The Counting On alum said she had to “train her mind” and “remind herself” to “stop thinking how she used to think.”

“I used to try to feel like I have to be perfect,” Jinger continued, before bringing up a recent situation where she invited a friend over to her messy home.

“Well, she came over into my mess, yes, I was embarrassed,” the TLC personality continued. “But at the same time, there’s like this, I don’t have to be so perfect all the time.”

In the caption of the post, Jinger admitted she “really struggled” with wanting to “live in a way” everyone approved of.

“And it drives me to put all sorts of expectations on myself that I can’t live up to,” the 19 Kids and Counting alum wrote. “It’s been a journey but over the years I’ve been learning how to enjoy friends and community and relationships without feeling like I need to be perfect all the time.”

Jinger has been vocal in unraveling her perspective from the Institute in Basic Life Principles (IBLP) system she grew up under, most notably in her 2023 memoir, Becoming Free Indeed: My Story of Disentangling Faith from Fear.

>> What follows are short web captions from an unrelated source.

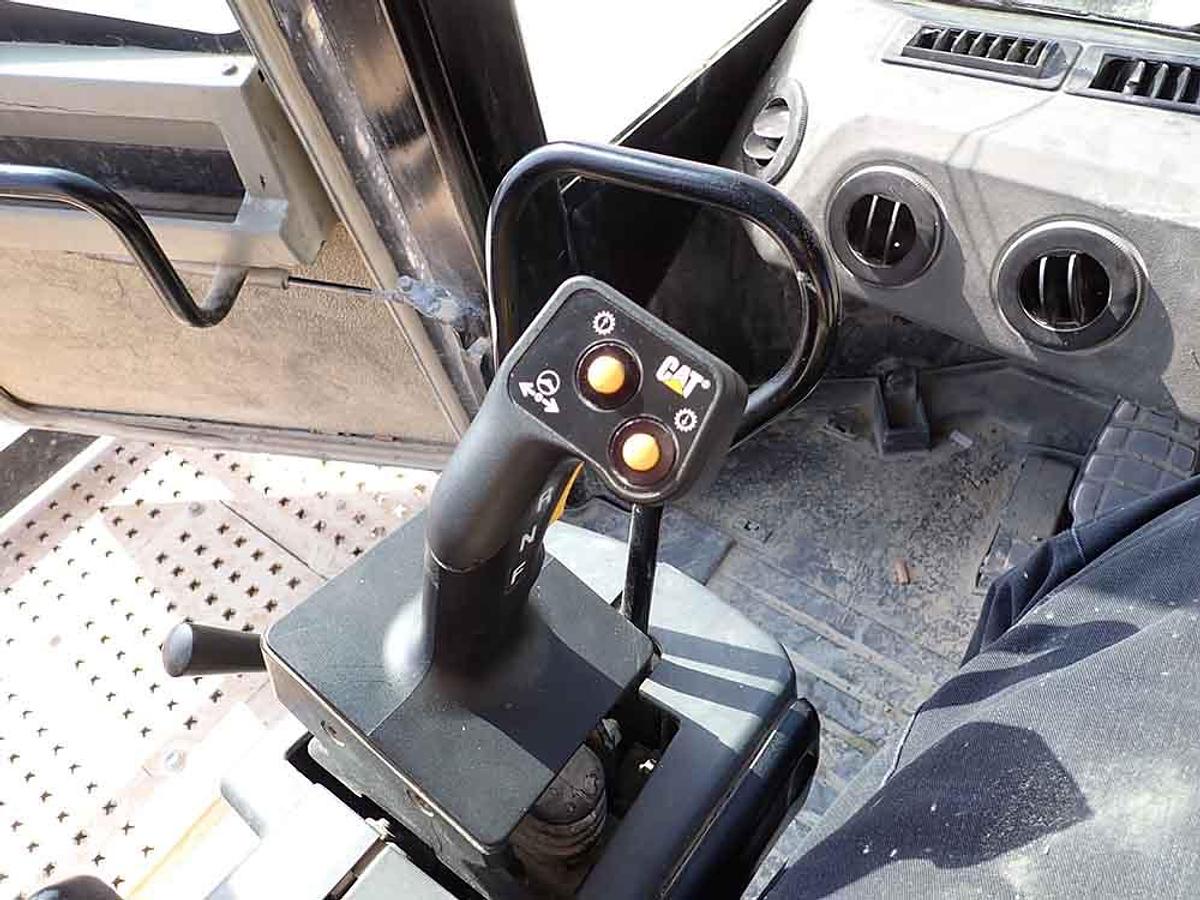 Used 2017 CATERPILLAR 988K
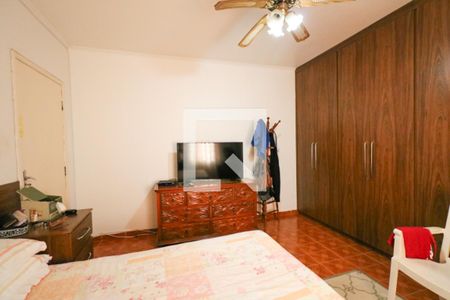 Casa à venda com 220m², 3 quartos e 3 vagasSuíte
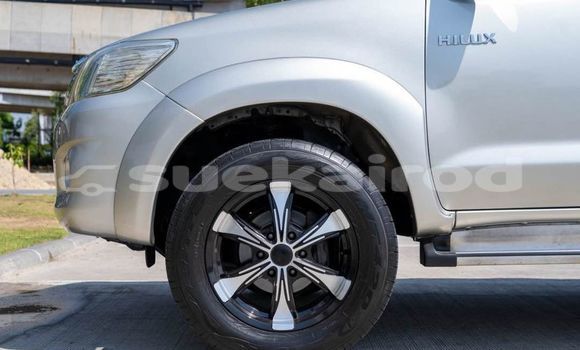 Buy Used Toyota Vitz Other Car in Bangkok in Bangkok Buy Used Toyota Vitz Other Car in Bangkok in Bangkok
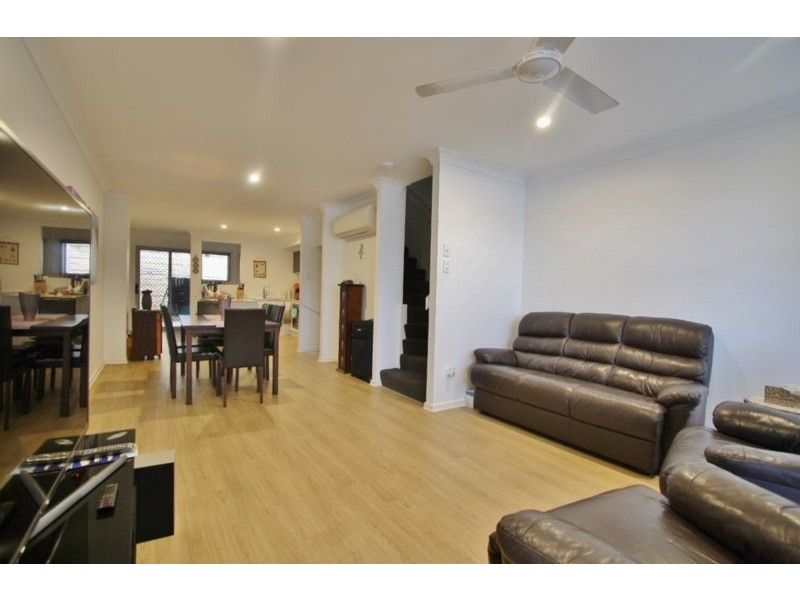 40/30 Taylor Place, Mackenzie QLD 4156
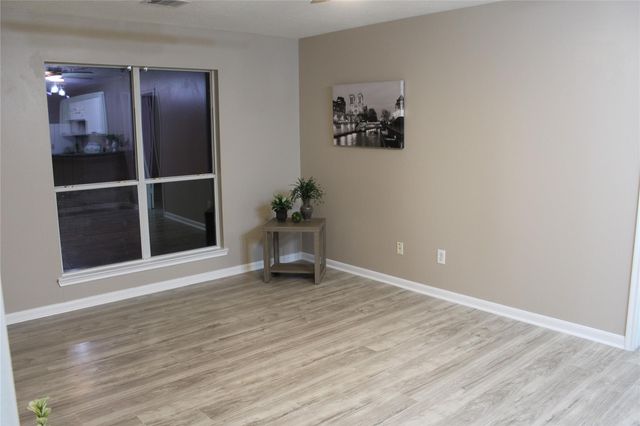 8825 E Buffalo Circle, Willis, TX 77378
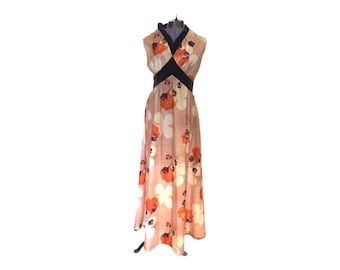 70s Floral Maxi Dress. Sleeveless Scalloped V- Neck with attached Belt.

In the pages, she revealed her older sister Jessa Seewald’s husband, Ben Seewald, encouraged her to interpret religion on her terms away from the teachings of IBLP’s leader Bill Gothard.

“I noticed his church read the Bible in its entirety and preached scripture that way,” the mom of two alum wrote in the memoir. “I feel like now I’m in a much better place. I see God as amazing.”

She also condemned Gothard’s teachings, writing that the organization created an unhealthy “fear of God" and equated it to “more of a terror.”

“I was probably one of the most sensitive people in my family, so I was a rule follower,” she explained on the “Cultish” podcast in March 2023. “If that was an inch on a skirt, I would be like ‘Oh, no. I can’t sit down with this skirt on.’ Because it would barely show like a quarter of my knee. I was a legalist to the extreme because that’s what Bill Gothard said would protect you.”